Of course, the U.S. is in a bind here. President Bush has publicly declared that democratic governance is the long term answer to overcoming violent extremism. It can give hope and dignity to oppressed people around the world who might otherwise choose terrorism. I agree that certainly it is a component of the solution – a very long term solution. However, this long term solution comes into conflict with our short term dilemma that Pakistan is ground zero on the war on terror. After 9/11 Musharraf signed onto the coalition of the willing and has been rewarded handsomely in terms of massive infusions of aid.

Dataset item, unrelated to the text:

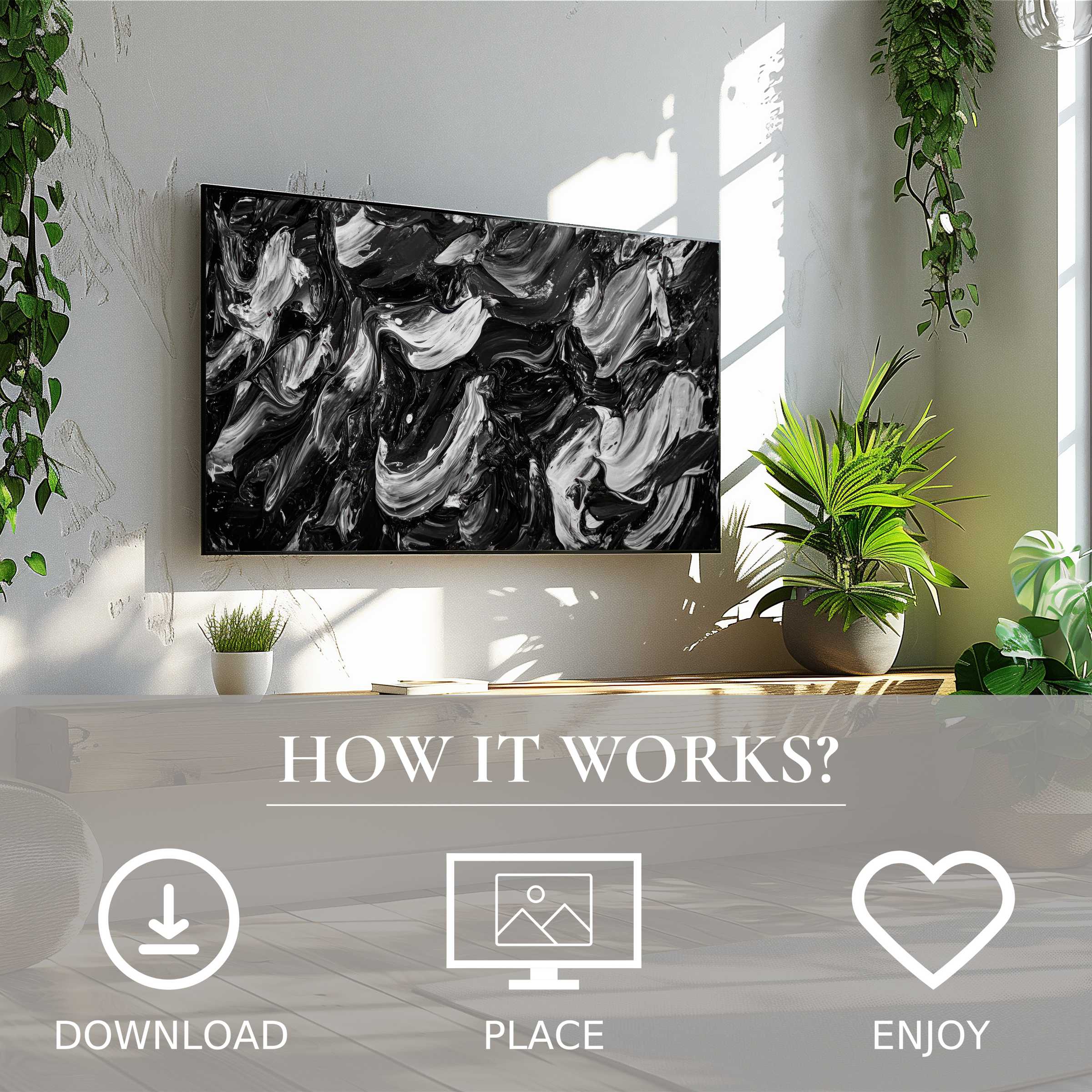 Black and white art for Samsung TV featuring fluid abstract swirls, easy digital download enriches modern living spaces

The results of Musharraf’s alliance have been mixed. Certainly Pakistan’s assistance has led to the arrest and detention of high value targets and Pakistan’s support of our Afghanistan mission has been important. However, at the same time, Pakistan’s inability to control its own territory and reign in the Al Qaeda elements in the country have made many wonder whether we are getting our money’s worth.
It’s really a question here of short term vs long term interests. Unfortunately, in the past we too often have tended to focus on short term results and ignore the potential blowback from those actions. Just think back to the struggle in Afghanistan against the Soviets in the 1980s. Back then the US backed the mujahideen which, after the end of the Afghanistan conflict, led to the formation of Al Qaeda. The U.S. followed the old maxim, my enemy’s enemy is my friend. That sort of short term thinking contributed to the development of Al Qaeda and the foreign policy quagmire we find ourselves in now.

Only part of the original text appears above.